_Data for this exercise_

+ + + + + + +

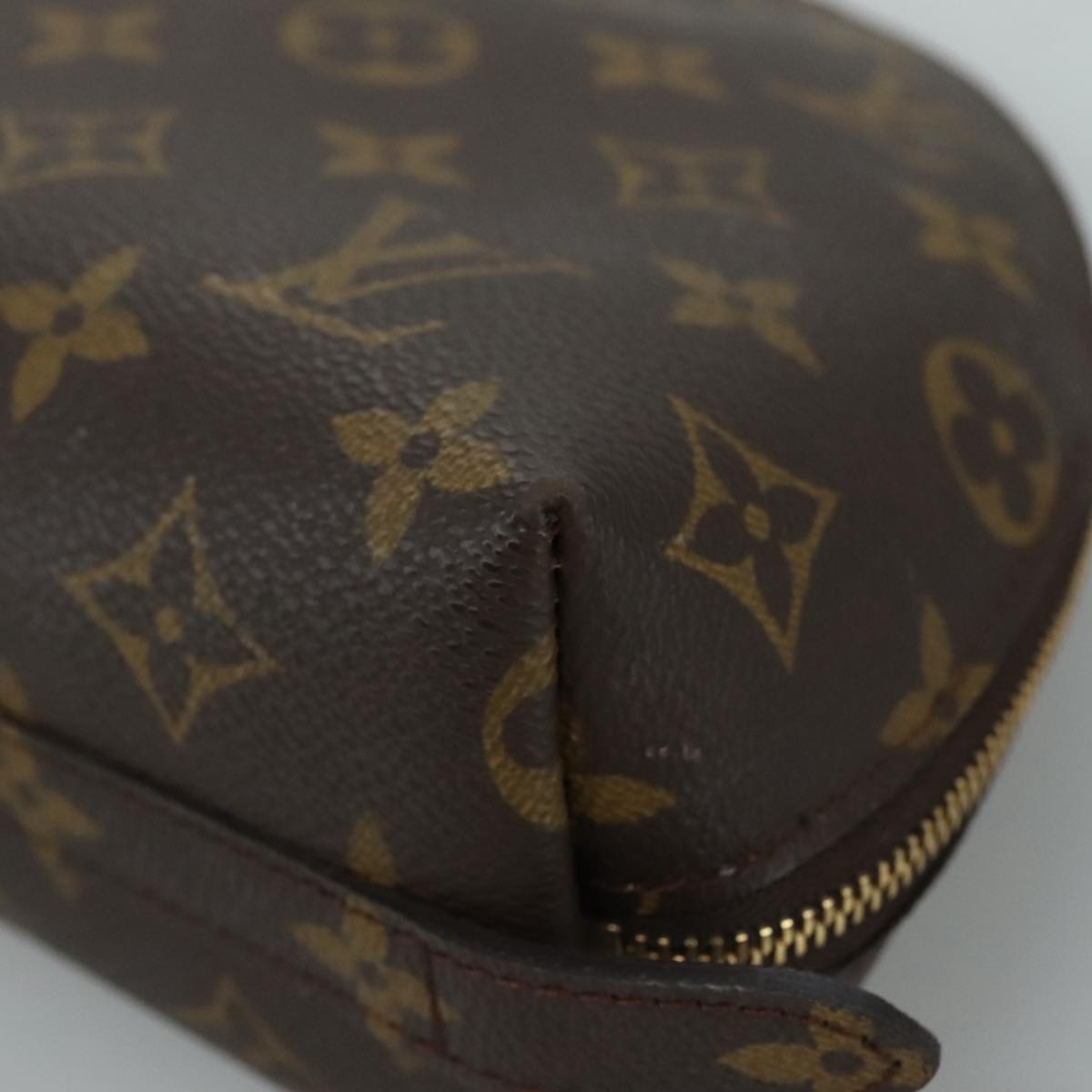 LOUIS VUITTON Monogram Trousse Demi Ronde Cosmetic Pouch M47520 LV 110615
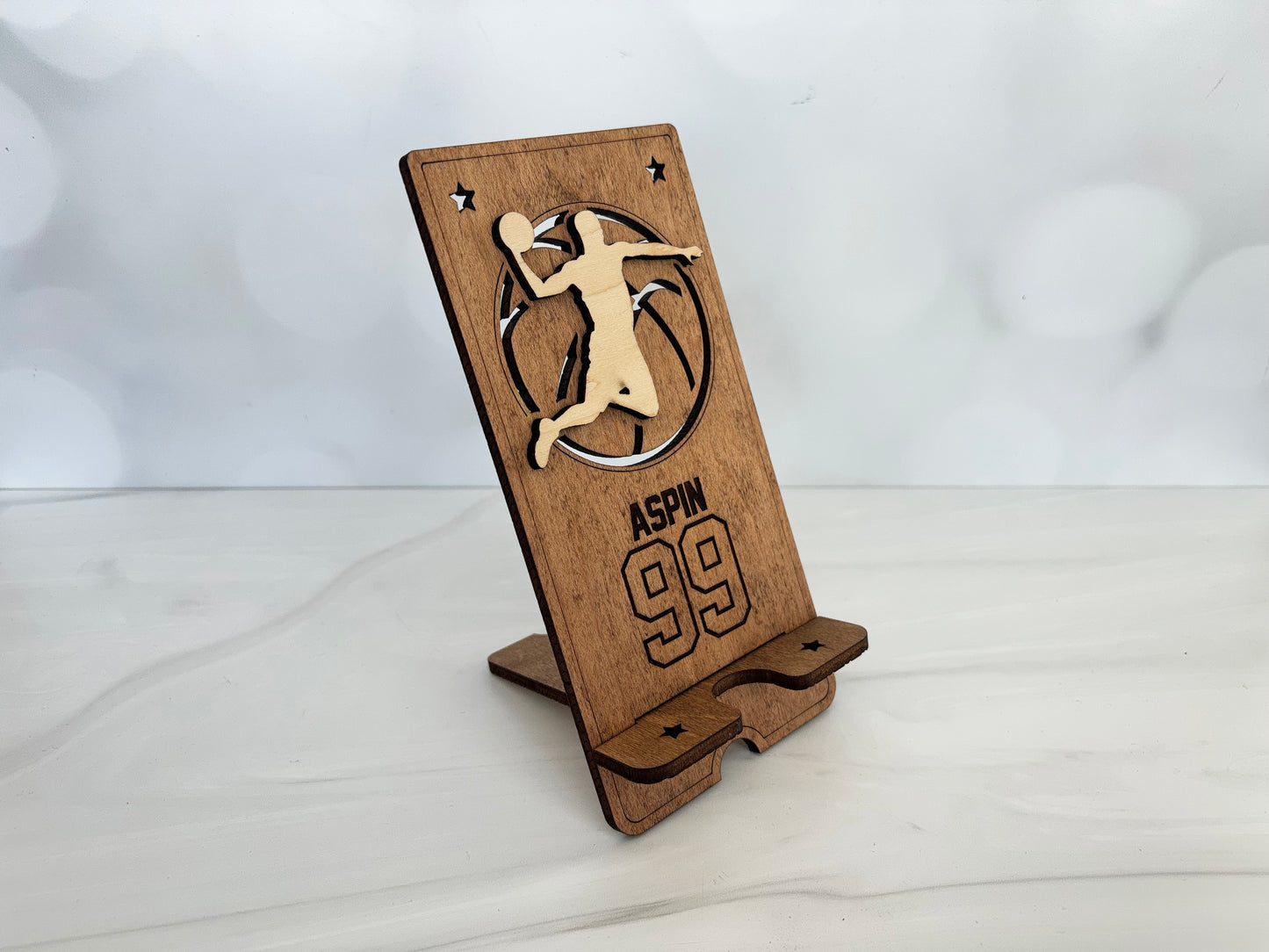 Custom cell phone stand, school logos, sports, personalized with name, various stain colors are available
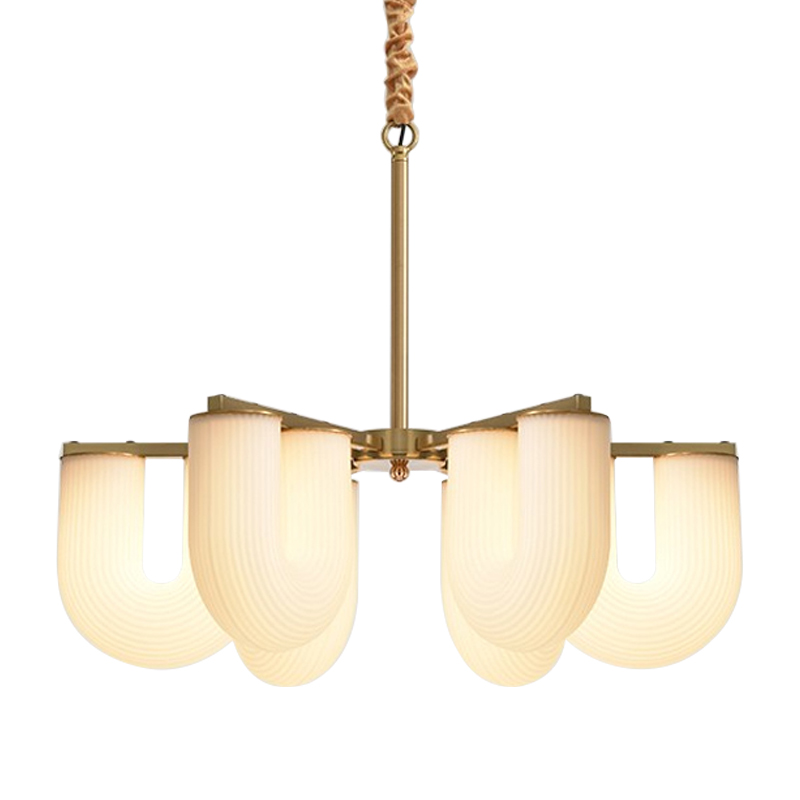 Люстра Berthe Arch Chandelier 6 плафонов Латунь Хром Белое матовое стекло Люстра Berthe Arch Chandelier 6 плафонов Латунь Хром Белое матовое стекло в Орле | Loft Concept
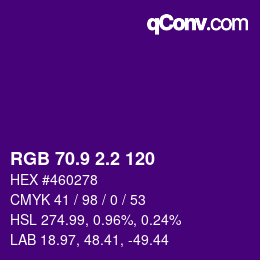 カラーコード: RGB 70.9 2.2 120 | qconv.com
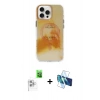 MARSİLYAN™- iPhone 16 Pro Max Kılıf Ufuk Doku Prime - Siyah 3D Antistatik Seramik Nano Ekran Koruyucu + Raze Metal Kamera Lens - BZ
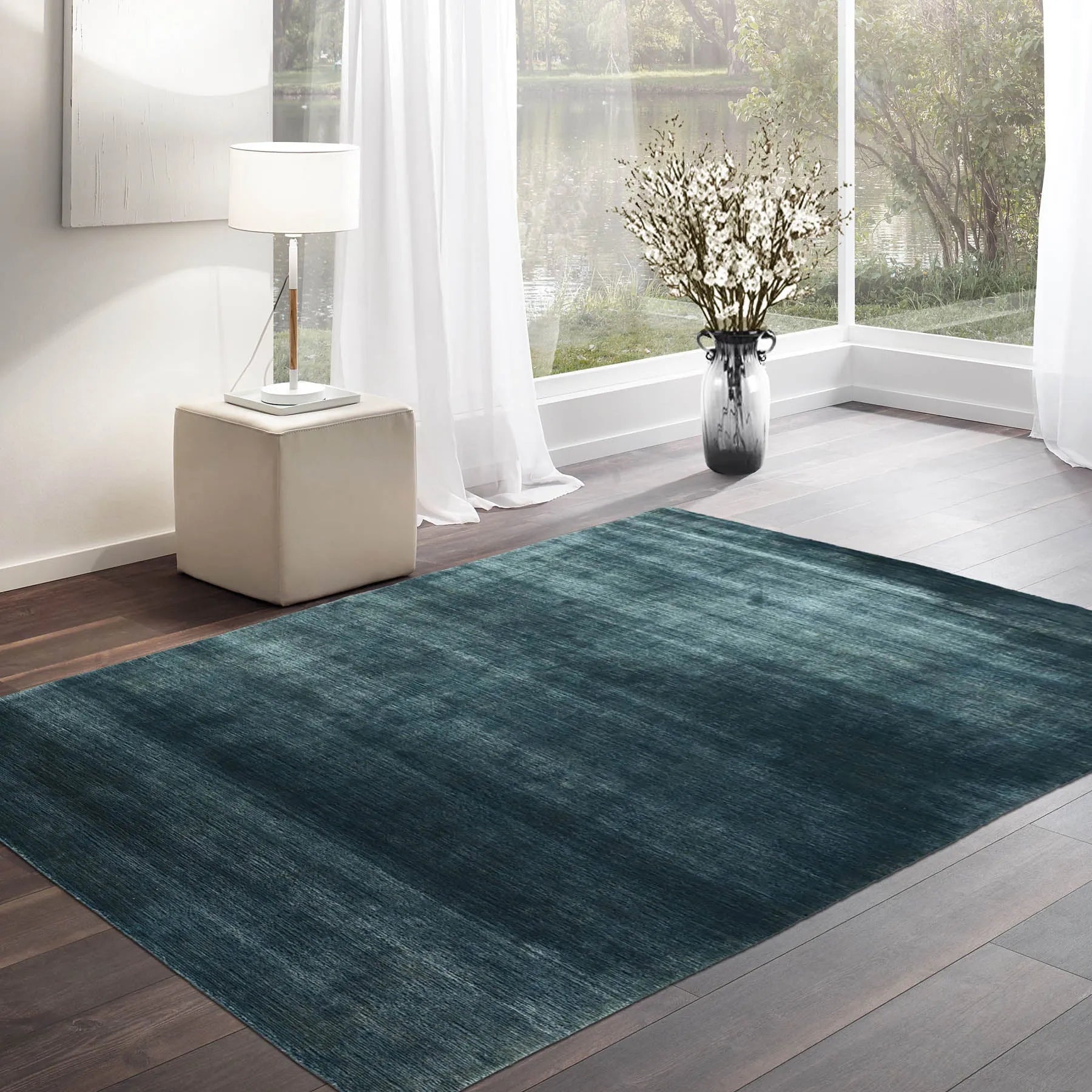 6x9 Blue LoomBloom Hand Knotted Modern & Contemporary Textured Tibetan 100% Wool Oriental Area Rug-0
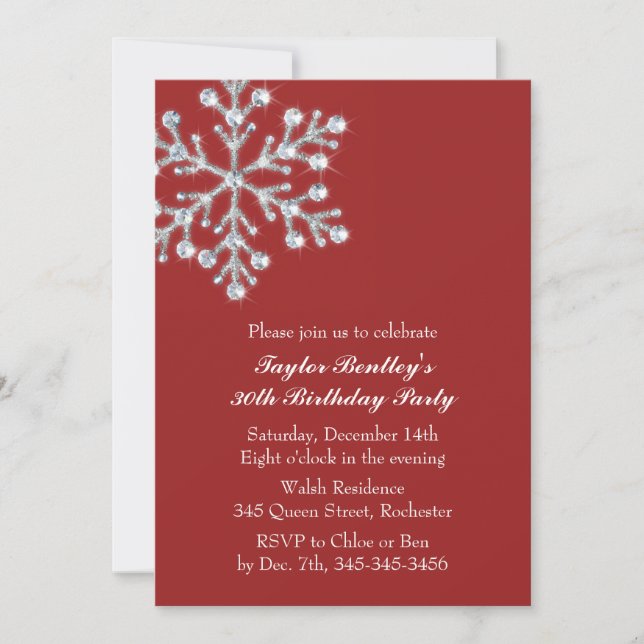 Red Winter Crystal Sweet Birthday Party Invitation (Front)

+ + + + + + +

Where a picture appears, omit it; otherwise reproduce each line above from the first to the one with "6x9 Blue LoomBloom", inclusive.

_Answer to this problem_
 LOUIS VUITTON Monogram Trousse Demi Ronde Cosmetic Pouch M47520 LV 110615
 Custom cell phone stand, school logos, sports, personalized with name, various stain colors are available
 Люстра Berthe Arch Chandelier 6 плафонов Латунь Хром Белое матовое стекло Люстра Berthe Arch Chandelier 6 плафонов Латунь Хром Белое матовое стекло в Орле | Loft Concept
 カラーコード: RGB 70.9 2.2 120 | qconv.com
 MARSİLYAN™- iPhone 16 Pro Max Kılıf Ufuk Doku Prime - Siyah 3D Antistatik Seramik Nano Ekran Koruyucu + Raze Metal Kamera Lens - BZ
 6x9 Blue LoomBloom Hand Knotted Modern & Contemporary Textured Tibetan 100% Wool Oriental Area Rug-0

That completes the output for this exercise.